== Exercise aim ==
The entries below contain pictures. Write out only the lines from the line with "Nieuw bedrijf JM Motorservice" up to and including the line with "Używany Specialized Diverge", exactly, without them.
Records for the task Start Marker
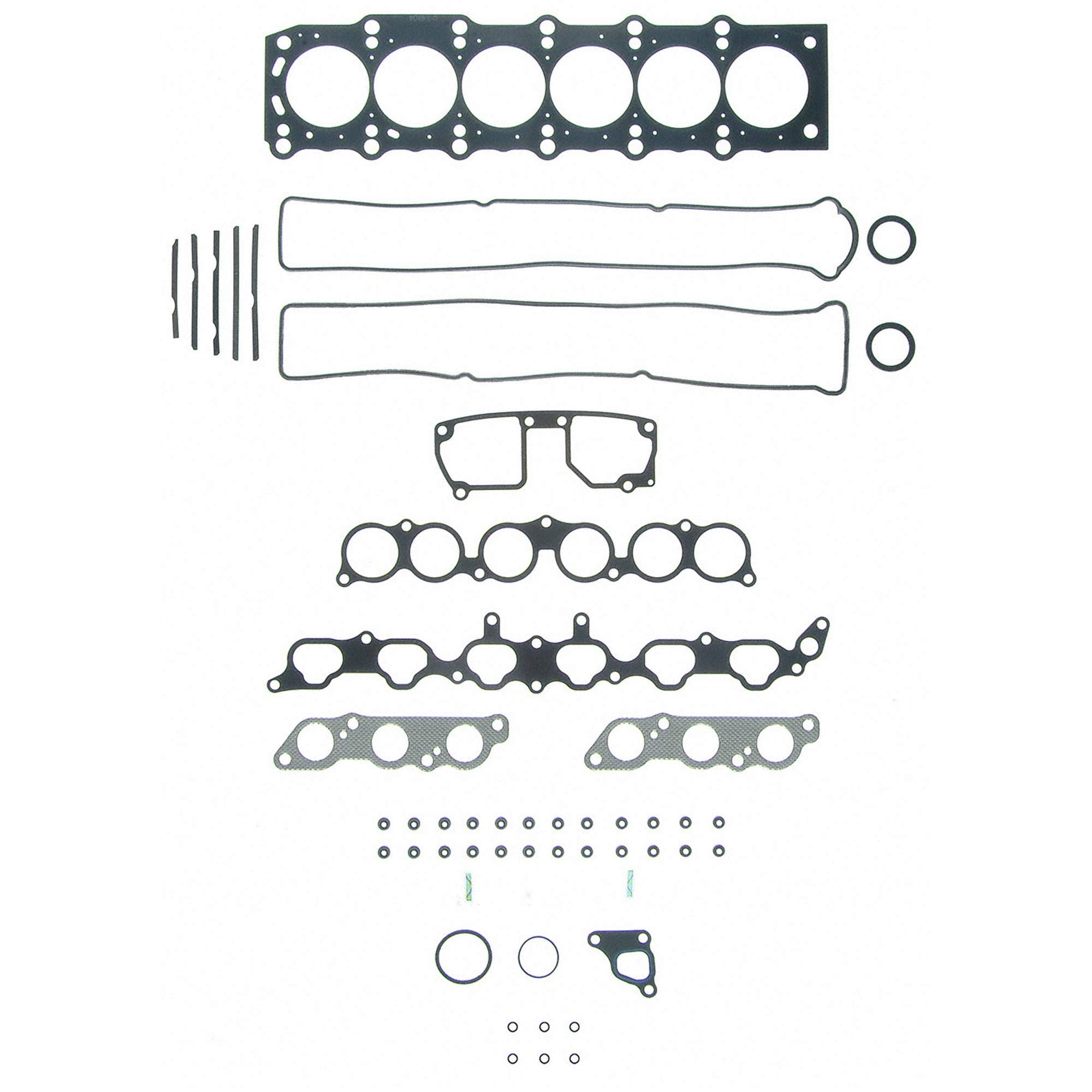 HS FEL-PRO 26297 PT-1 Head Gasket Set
Records for the task End Marker
Records for the task Start Marker
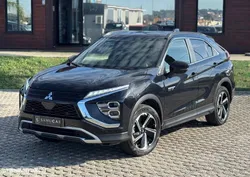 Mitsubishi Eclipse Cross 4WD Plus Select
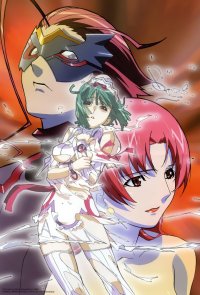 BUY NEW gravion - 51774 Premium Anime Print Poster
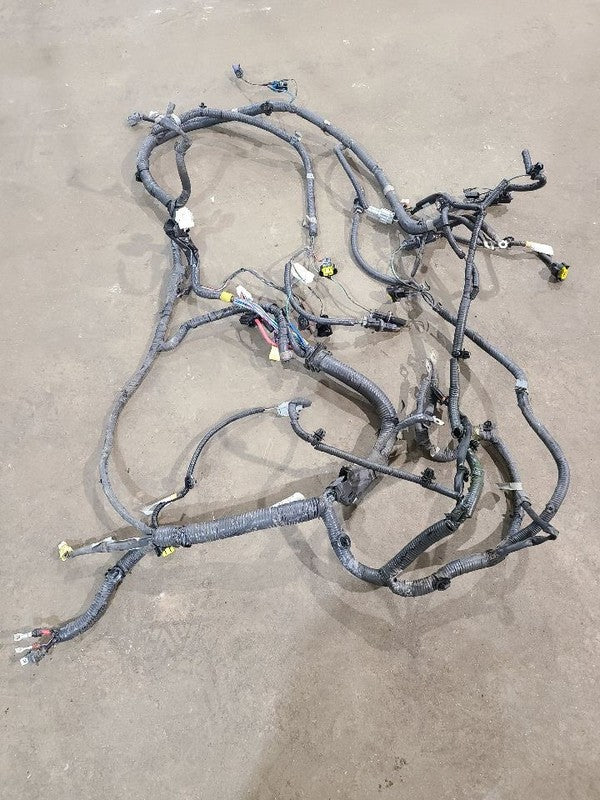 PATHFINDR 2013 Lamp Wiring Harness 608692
Records for the task End Marker
Records for the task Start Marker
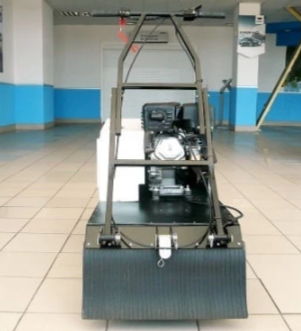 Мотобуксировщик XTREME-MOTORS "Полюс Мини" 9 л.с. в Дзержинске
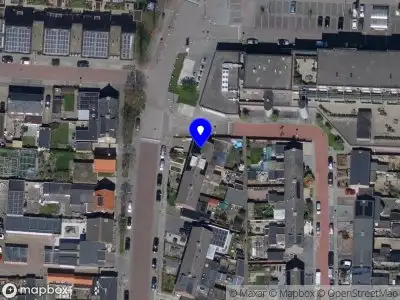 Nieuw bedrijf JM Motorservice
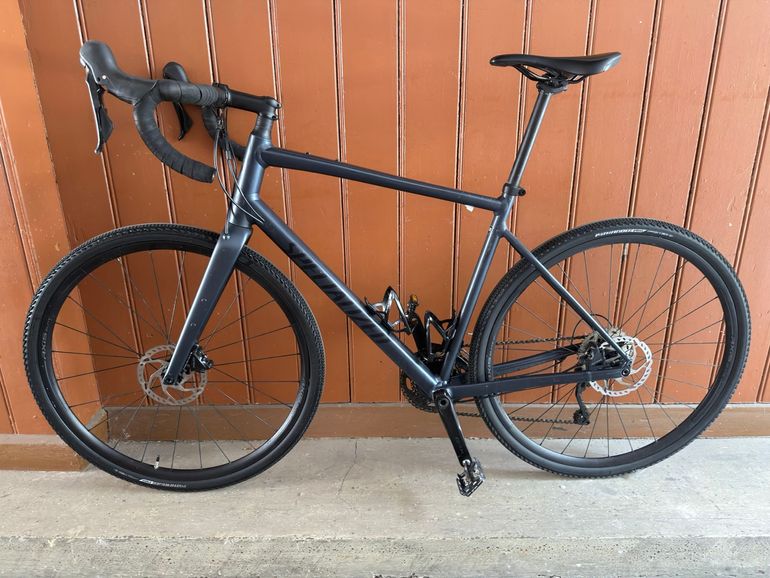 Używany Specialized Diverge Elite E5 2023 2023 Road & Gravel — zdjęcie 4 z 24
Records for the task End Marker
== Exercise result ==
 Nieuw bedrijf JM Motorservice
 Używany Specialized Diverge Elite E5 2023 2023 Road & Gravel — zdjęcie 4 z 24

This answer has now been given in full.